The FNAR, I cound not belive my ears when the dealer told me that it was a leagal hunting rifle in Sweden......I almost pulled out my credit card as I wanted it so bad I could taste it! A friend will take deliver of his FNAR next week and after shooting it I might just go back and order one.


----------



## Smitty901 (Nov 16, 2012)

I have considered buying another newer 50. However I wake up and forget it. I will be purchasing a 300 win mag, soon as I make up my mind on what I what to the last detail. No hurry they will be around awhile yet.


----------



## AquaHull (Jun 10, 2012)

Colt Python


----------



## txmarine6531 (Nov 18, 2015)

Plumbum said:


> The FNAR, I cound not belive my ears when the dealer told me that it was a leagal hunting rifle in Sweden......I almost pulled out my credit card as I wanted it so bad I could taste it! A friend will take deliver of his FNAR next week and after shooting it I might just go back and order one.
> 
> View attachment 15877


DO IT! DO IT! (peer pressure peer pressure)


----------



## Doc Holliday (Dec 22, 2012)

ALL OF THEM!!!! just didnt have the money to pay for them :evil:


----------



## Quip (Nov 8, 2012)

Yesterday at the lgs they had a SAW set up on a table. Thankfully it had a sold sign it. One of those is my 2nd choice for something belt fed but, a great 2nd choice. 
The ar that followed me home just seemed weak and puny as it went into the safe.


----------



## kevincali (Nov 15, 2012)

Almost bought a ruger super Blackhawk in 44mag. But decided to put it on layaway to lessen the blow of the cost haha. I'll have it paid off around the 2nd or 3rd of May. 

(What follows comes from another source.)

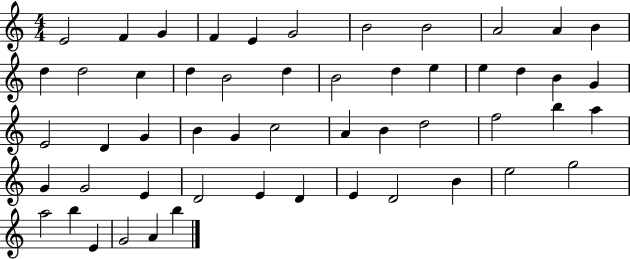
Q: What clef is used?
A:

Sent from my iPhone using Tapatalk


----------



## MisterMills357 (Apr 15, 2015)

baldman said:


> I almost had a 30 cal. machine gun I found in the dump at camp anaconda but the m.p.s. stoled it from me.


Those bad old MP's! They should have looked the other way! Heck, I would have tried to take it home myself.


----------



## SittingElf (Feb 9, 2016)

I have almost pre-ordered a Tracking Point M1400 338LM Bolt-Action rifle, but then the IRS had some words with me and decided I wasn't paying my fair share, so the rifle is on hold! Aghhhh! ($17,000 rifle)

I AM still trying to find a dealer with the new Ruger Precision Rifle in 6.5 Creedmore in stock. Been looking for months, but they get sold as soon as they get into a store. When I DO find one, I already have mods and glass for it, including a custom barrel. Just waiting......


----------